Excerpts from 'Politics and Society,' a new book-length interview with the Holy Father.
Here is another selection of excerpts from Politics and Society, a new book-length interview with Pope Francis, in which the pope deals with some of the hot-button issues of our day.
Pope Francis sat down for 20 conversations with French journalist Dominique Wolton for a book-length interview that will be released in French on Wednesday. The 432-page volume is titled Politique et société: un dialogue inédit, or Politics and Society: Conversations with Dominique Wolton.
Wolton conducted the interview sessions over the span of two years, the first time that the pope has given such a lengthy amount of time to a project like this.
Wolton is a sociologist and the director of France’s National Institute of Communication Science (l’Institut des sciences de la communication), known for a book-length interview with the former archbishop of Paris, Jean-Marie Lustiger.
The French periodical Le Figaro has published some excerpts of the book; Aleteia offers you a provisional translation of some of these.
What role do women have your life?
Personally, I thank God for having known genuine women in my life. My two grandmothers were very different, but both of them were the real deal. They were women who worked, who were courageous, who spent time with their grandchildren … Always with this feminine touch … Then, there’s my mother.
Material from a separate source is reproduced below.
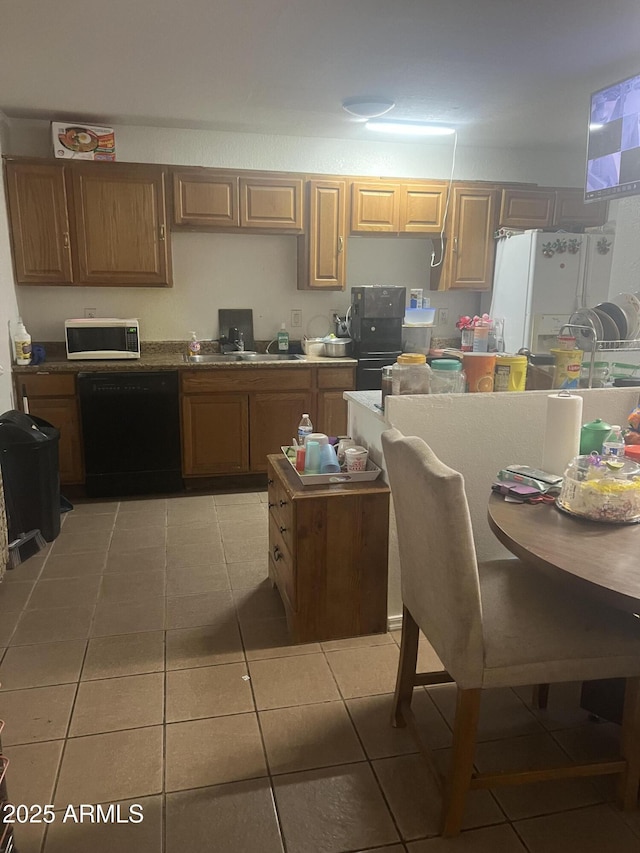 6226 W Citrus Way, Glendale, AZ 85301 - kitchen with black dishwasher, stainless steel microwave, white fridge with ice dispenser, light tile patterned floors, and a sink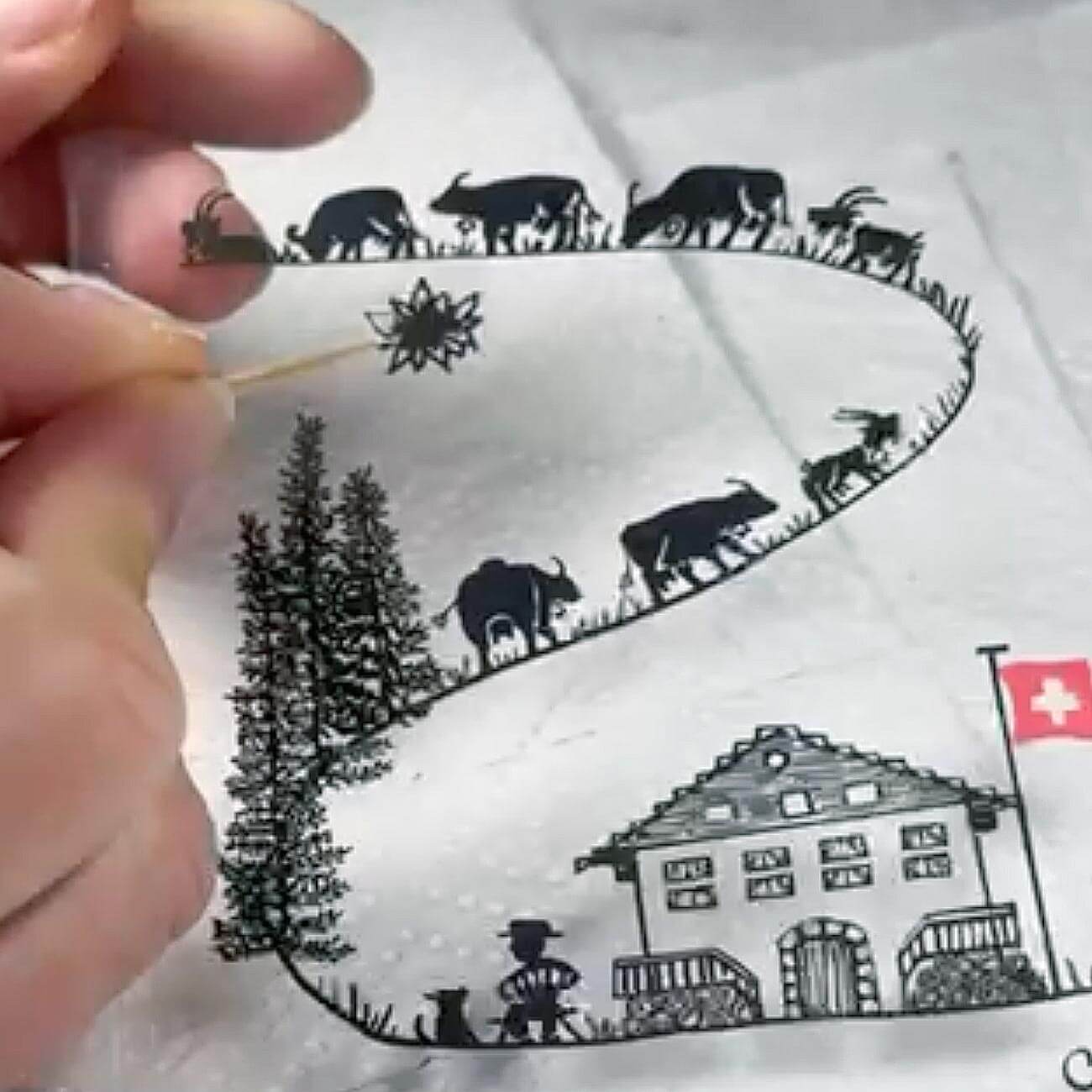 Gros plan sur Christelle Diebold-Christinaz, artiste fribourgeoise derrière Sweet Rock, concentrée sur la peinture minutieuse d’une Poya.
My mother … I saw a mother who suffered, when after her last delivery — she gave birth five times — she got an infection that left her unable to walk for a year. I saw her suffer, and I was able to see how she fixed things so as to waste nothing. My father had a good job — he was an accountant — but his salary would barely get us to the end of the month. And I was able to see how she dealt with problems, one after another … She was a woman, a mother.
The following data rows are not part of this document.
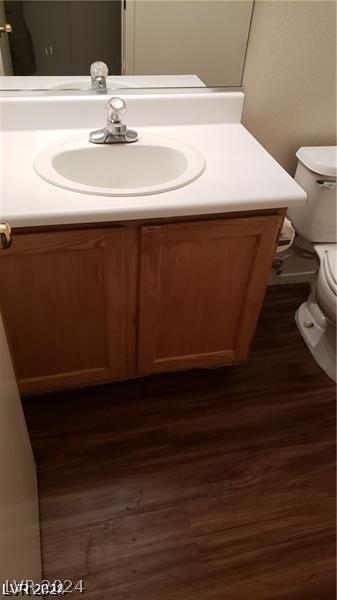 bathroom with hardwood / wood-style floors, toilet, and vanity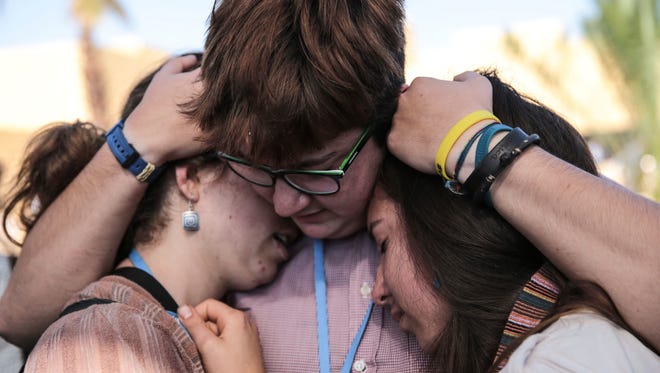 Environmental activists comfort each other during a protest against President-elect Donald Trump at the Climate Conference, known as COP22, in Marrakech, Morocco, Nov. 9, 2016.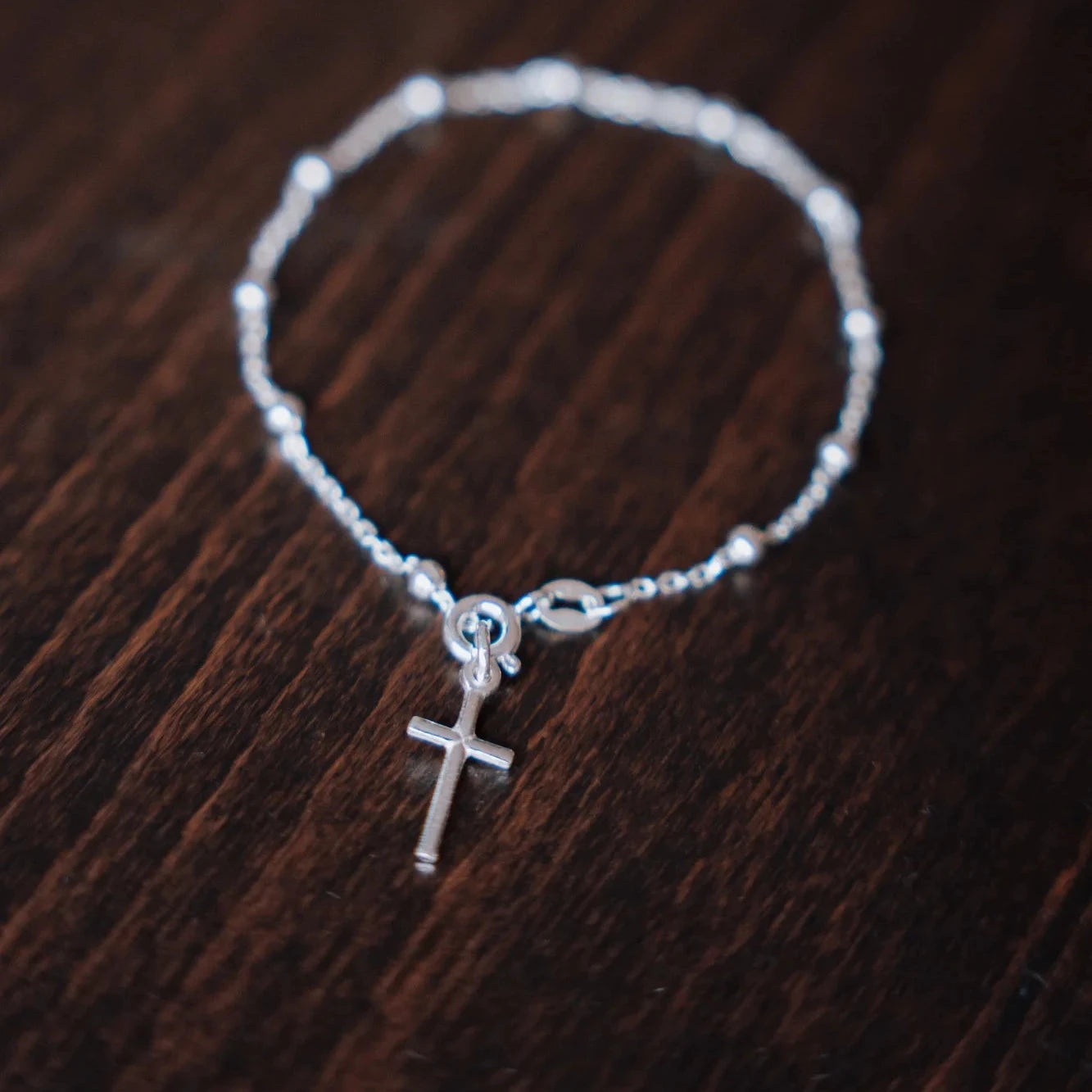 Pulsera decenario de plata de ley con cruz, acabado plateado, sobre fondo de madera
Then, there are my sisters … For a man it is important, it’s very important, to have sisters. Then, there were female friends during adolescence, my “girlfriends.” … Having always had relationships with women has enriched me. Even in adulthood, I’ve learned that women see things differently than men. For this reason, before making a decision or when facing a problem, it’s important to listen to both.
A woman taught me to reflect on politics. She was a communist.
Are there women who have had an important impact on your life, after your childhood and adolescence?
— Yes. There was one who taught me to reflect on politics. She was a communist.
Is she still alive?
— No. … During the dictatorship she was … assassinated. She was captured in a group with two French sisters; they were together. She was a chemist, in charge of the department where I worked, in the food science lab. She was a communist from Paraguay, from the Febrerist party, as they call it there. I remember that she had me read the death sentence of the Rosenbergs. She led me to discover what was behind that sentence. She gave me books — all of them communist — but she taught me how to reflect about politics. I owe a lot to that woman.
What was her name?
— Esther Balestrino De Careaga.
Nothing scares me.
Do your Latin American origins and your Jesuit formation enable you to experience things differently?
— An example comes to mind, but I don’t know how to express it: I am free. I feel free. This doesn’t mean that I do whatever I want, no. But I don’t feel like a prisoner, in a cage. In a cage, here, in the Vatican, yes, but not spiritually. I’m not sure that’s what it is. Nothing scares me. Perhaps it’s irresponsibility or immaturity!
— Yes, both. We do what we can, we deal with things as they come, we avoid doing things, some things work, others don’t … It could be superficiality; I don’t know. I don’t know what to call it. I feel like a fish in the water.
I went to therapy with a Jewish psychoanalyst
— At one stage in my life, I needed to go to therapy. I went to a Jewish psychoanalyst. For six months, I went once a week, to clarify some things. She was very good. Very professional, as a doctor and as a psychoanalyst, and she always kept to her realm. One day, when she was about to die, she called me. Not to receive the sacraments, since she was Jewish, but to engage in a spiritual dialogue. She was a very good person. For six months, she helped me a lot. At that time, I was 42.